Kapolri Beri Garansi Pengamanan Pilkada Serentak 2018

Kapolri Jenderal Pol Tito Karnavian.
Istimewa
Kapolri Jenderal Pol Tito Karnavian.

JAKARTA, NNC - Kapolri Jenderal Polisi Tito Karnavian menyatakan, kerawanan Pilkada serentak 2018 tidak terlalu tinggi. Pasalnya, banyak partai yang pro pemerintah dan oposisi, berkoalisi di Pilkada serentak tahun ini.

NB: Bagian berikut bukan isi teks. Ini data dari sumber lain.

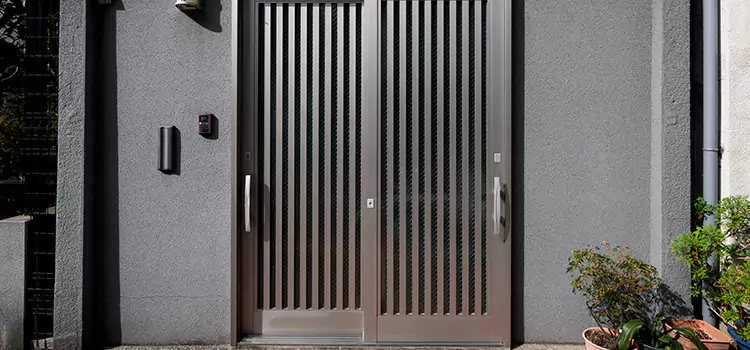 Why Choose Us for Your Security Needs in Benbrook, TX?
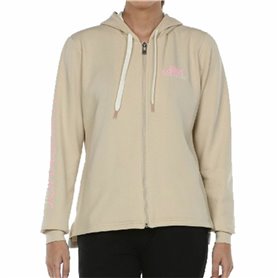 Veste de Sport pour Femme John Smith Bolar Beige 56,99 €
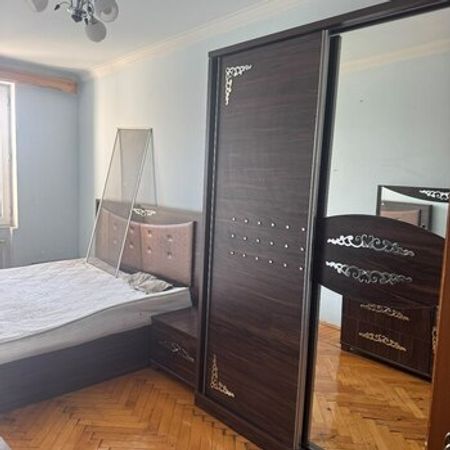 3-Otaqlı mənzil kirayə verilir, Neftçilər m., 61 m² – Bakı – ucuztap.az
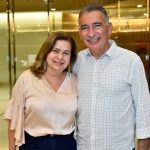 Natersia E Arthur Bruno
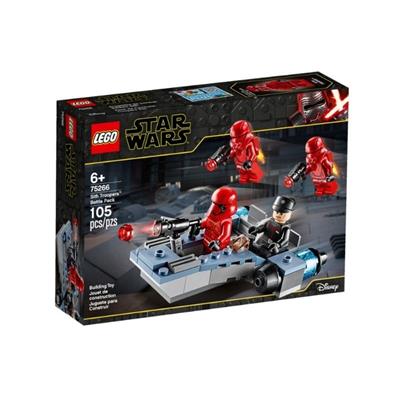 lego-star-wars-Sith-soldater-battle-pack-aeske-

Hal tersebut ditegaskan Tito saat ditemui di Perguruan Tinggi Ilmu Kepolisian (PTIK) Jakarta, Rabu (24/01/2018).

"Banyak kolaborasi antara partai pemerintah dengan partai pendukung oposisi, mengusung calon yang sama," jelas Tito.

Selain itu, Tito yakin masyarakat sudah memiliki kesadaran tinggi dalam berdemokrasi. Belum lagi, dukungan dari kekompakan Polri dan TNI. Tito juga memberi garansi jika Polri dan TNI akan ada di posisi netral.

"Saya kira itu saja. Mohon doa restu, insyaallah Pilkada nanti aman," ujarnya.

Sebelumnya, guna mengantisipasi konflik dalam Pilkada serentak 2018, Kapolri Jenderal Pol Tito Karnavian meminta jajaran polda dan polres segera melaporkan pemetaan wilayah rawan terjadi konflik pada saat pelaksanaan Pilkada serentak 2018.

Tingkat kerawanan tersebut akan dibagi dalam tiga kategori yakni sangat rawan, rawan dan kurang rawan.

Laporan tersebut harus segera diserahkan ke Mabes Polri sehingga nantinya pihak Mabes Polri dapat membuat sebuah peta yang menunjukkan daerah-daerah yang masuk kategori sangat rawan dan rawan konflik.

Menurut Kapolri, pengerahan anggota Polri, TNI dan Linmas akan diprioritaskan di daerah-daerah yang rawan konflik.